Task prompt:
Pull every line containing "that" from the entries.

Stored data entries:
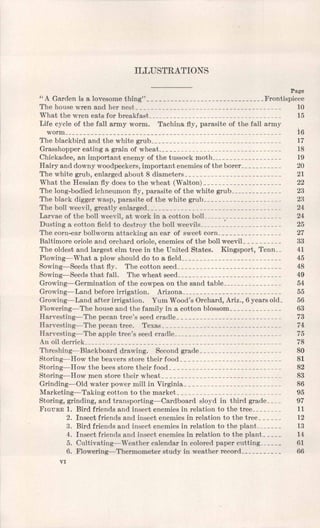 ILLUSTRATIONS
Page
" A Garden is a lovesome thing" Frontispiece
The house wren and her nest , ______________________________________ 10
What the wren eats for breakfast____________________________________ 15
Life cycle of the fall army worm. Tachina fly, parasite of the fall army
worm__________________________________________________________ 16
The blackbird and the white grub___________________________________ 17
Grasshopper eating a grain of wheat__ _______________________________ 18
Chickadee, an important enemy of the tussock moth___________________ 19
Hairy and downy woodpeckers, important enemies of the borer . , _________ 20
The white grub, enlarged about 8 diameters__________________________ 21
What the Hessian fly does to the wheat (Walton) _____________________ 22
The long-bodied ichneumon fly, parasite of the white grub_____ _________ 23
The black digger wasp, parasite of the white grub_____________________ 23
The boll weevil, greatly enlarged; ___________________________________ 24
Larvae of the boll weevil, at work in a cotton boIL____________________ 24
Dusting a cotton field to destroy the boll weevlls , ______________________ 25
The corn-ear bollworm attacking an ear of sweet corn .._ 27
Baltimore oriole and orchard oriole, enemies of the boll weevil . _________ 33
The oldest and largest elm tree in the United States. Kingsport, Tenn . , 41
Plowing-What a plow should do to a field___________________________ 45
Sowing-Seeds that fly. The cotton seed.. ___________________________ 48
Sowing-Seeds that fall. The wheat seed. ___________________________ 49
Growing-Germination of the cowpea on the sand table________________ 54
Growing-Land before irrigation. Arizona___________________________ 55
Growing-Land after irrigation. Yum Wood's Orchard, Ariz., 6 years old , 56
Flowering- The house and the family in a cotton blossom , _____________ 63
Harvesting-The pecan tree's seed cradle____________________________ 73
Harvesting- The pecan tree. Texas ________________________________ 74
Harvesting-The apple tree's seed cradle_____________________________ 75
An oil derrick_ ____________________________________________________ 78
Threshing- Blackboard drawing. Second grade , _____________________ 80
Storing-How the beavers store their f'ood . __________________________ 81
Storing-How the bees store their Iood , __ ______ _ 82
Storing- How men store their wheat ________________________________ 83
Grinding-Old water power mill in Virginia., _________________________ 86
Marketing-Taking cotton to the market____________________________ 95
Storing, grinding, and transporting-Cardboard sloyd in third grade; ___ 97
FIGURE 1. Bird friends and insect enemies in relation to the tree, _______ 11
2. Insect friends and insect enemies in relation to the trce , _____ 12
3. Bird friends and insect enemies in relation to the plant____ ___ 13
4. Insect friends and insect enemies in relation to the plant , ____ 14
5. Cultivating-Weather calendar in colored paper cutting______ 61
6. Flowering-Thermometer study in weather record__ _________ 66
VI
 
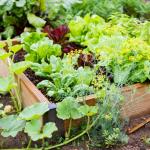 5 Secrets to a Successful Veggie Garden from a Green Thumb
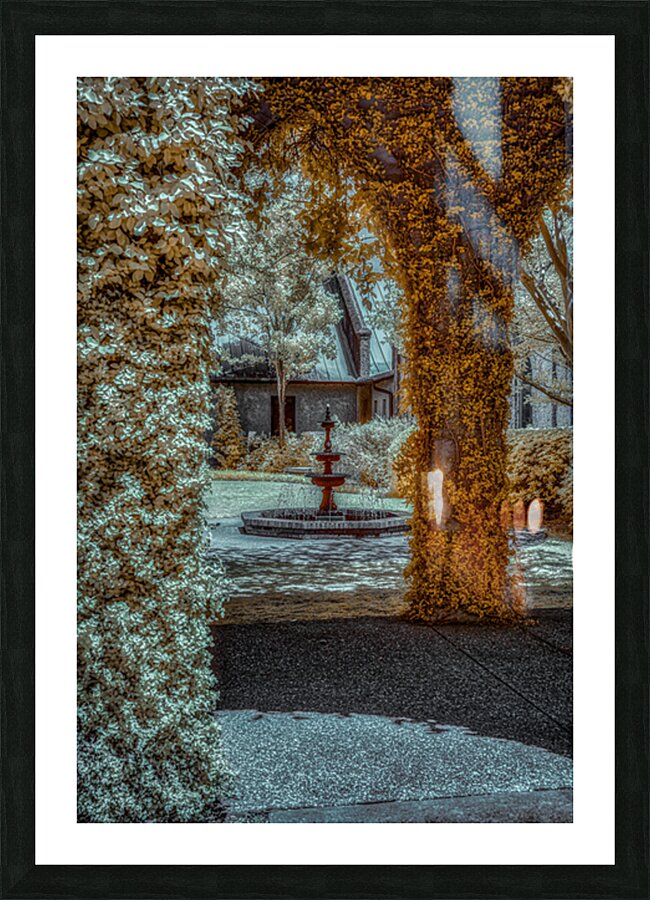 Spiritual Splendor: Golden Courtyard Picture Frame print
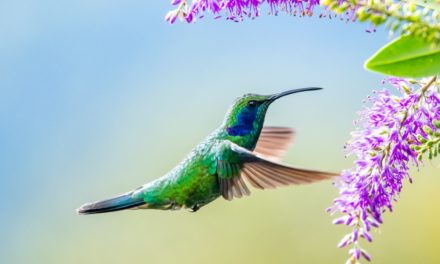 heise-Angebot: Cross-Plattform: Frühbucherphase der betterCode() Flutter bis 9. Mai verlängert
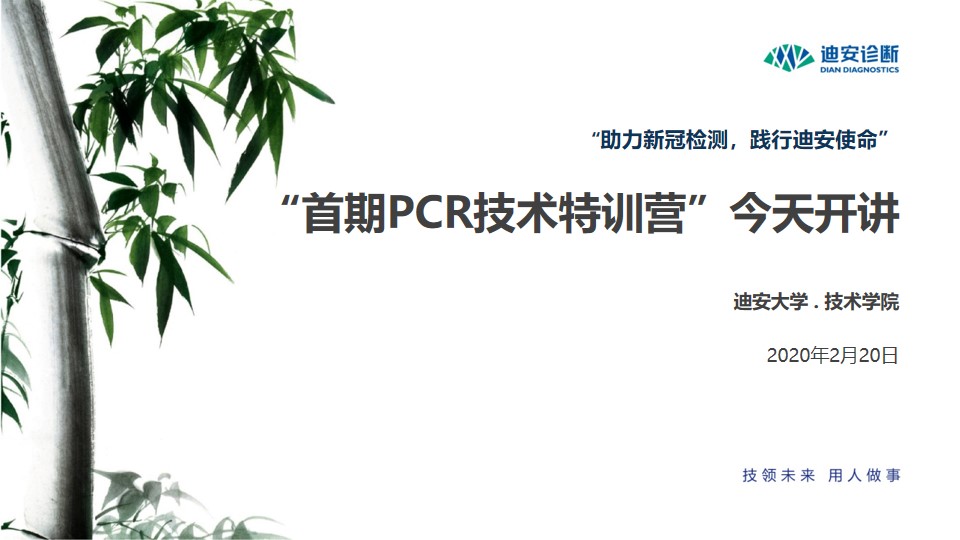 开场PPT.jpg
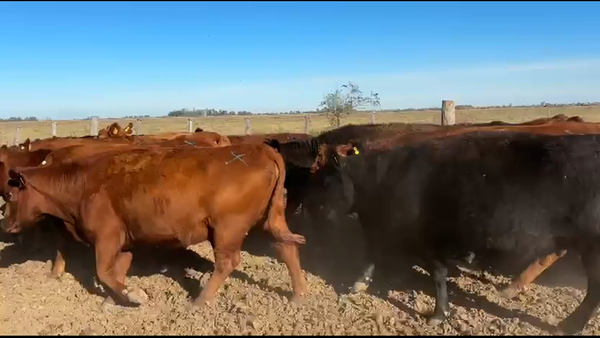 Lote 23 Vacas de invernar en La Carlota, Córdoba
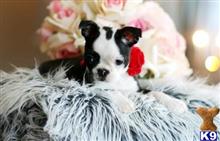 boston terrier puppy posted by tcuppuppiesforsale5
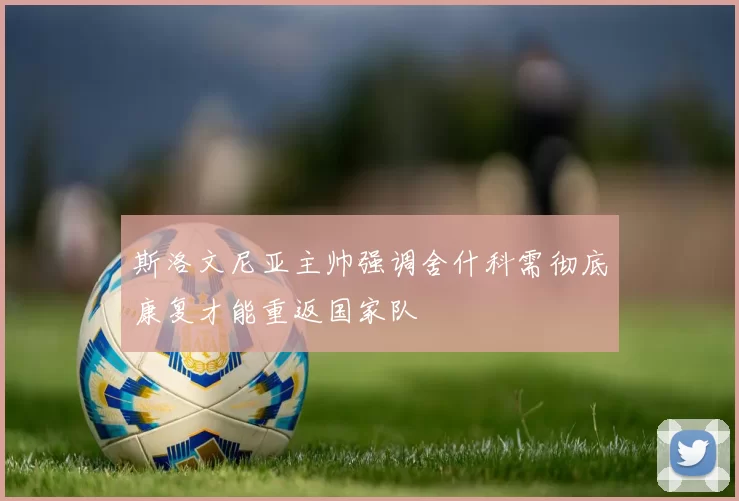 斯洛文尼亚主帅强调舍什科需彻底康复才能重返国家队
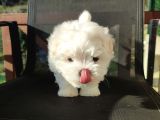 Kore Maltese Bebekler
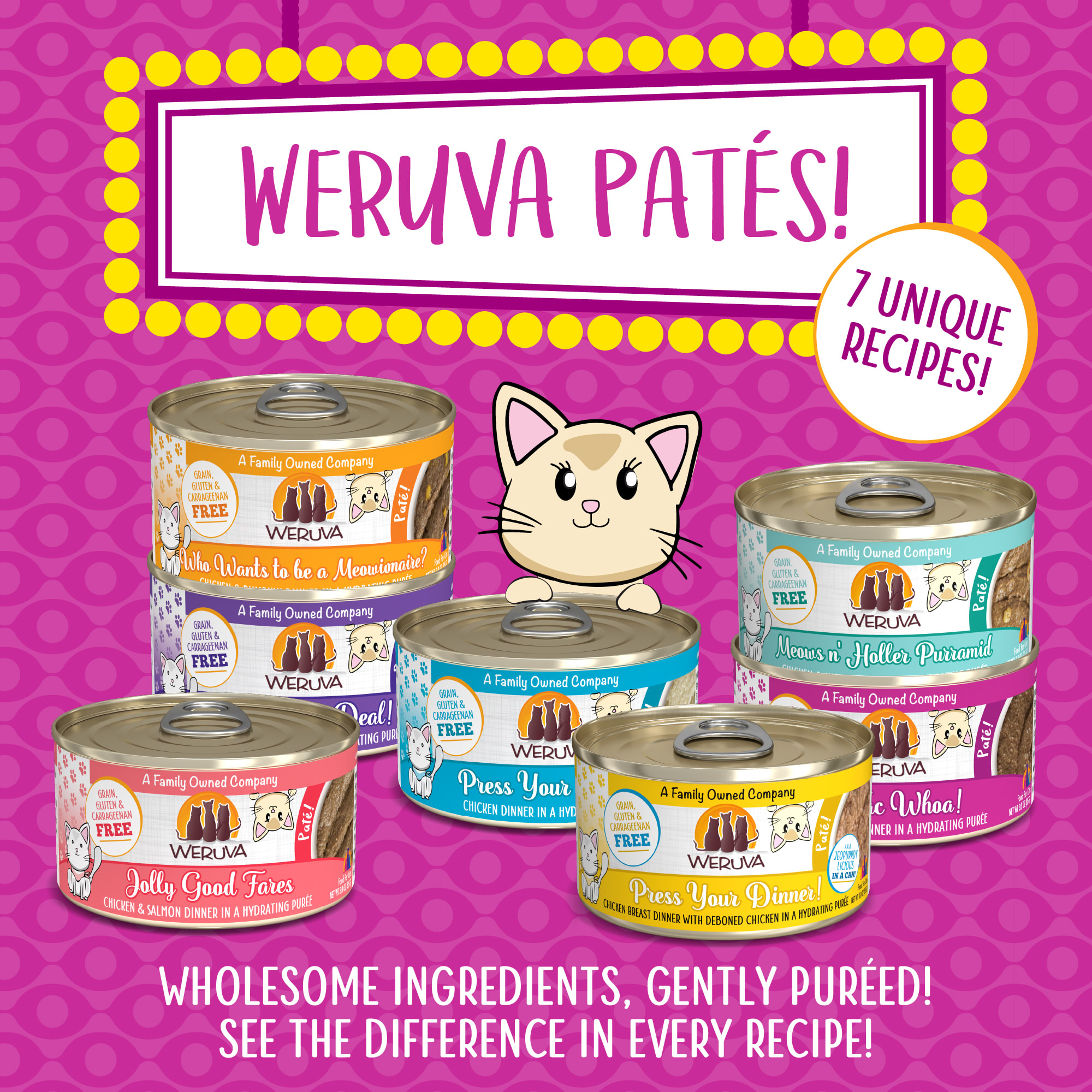 Weruva cat outlet food petco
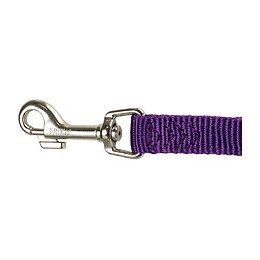 Laisse Réglable 2 Mètre Pour Chien. Taille Xs- S. Couleur Violet. - Trixie - Tr-200421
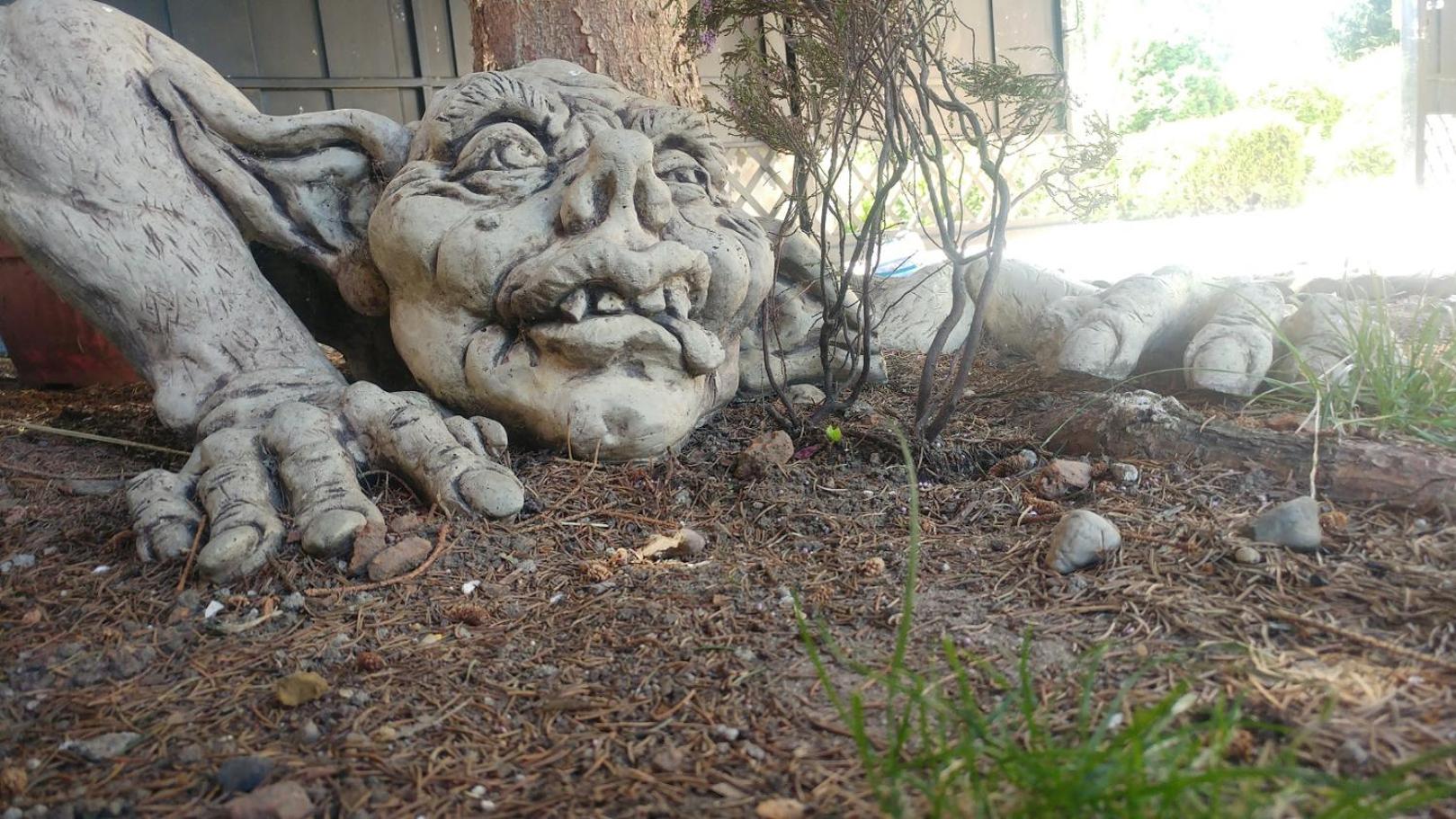 Photo 47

Your response:
Sowing-Seeds that fly. The cotton seed.. ___________________________ 48
Sowing-Seeds that fall. The wheat seed. ___________________________ 49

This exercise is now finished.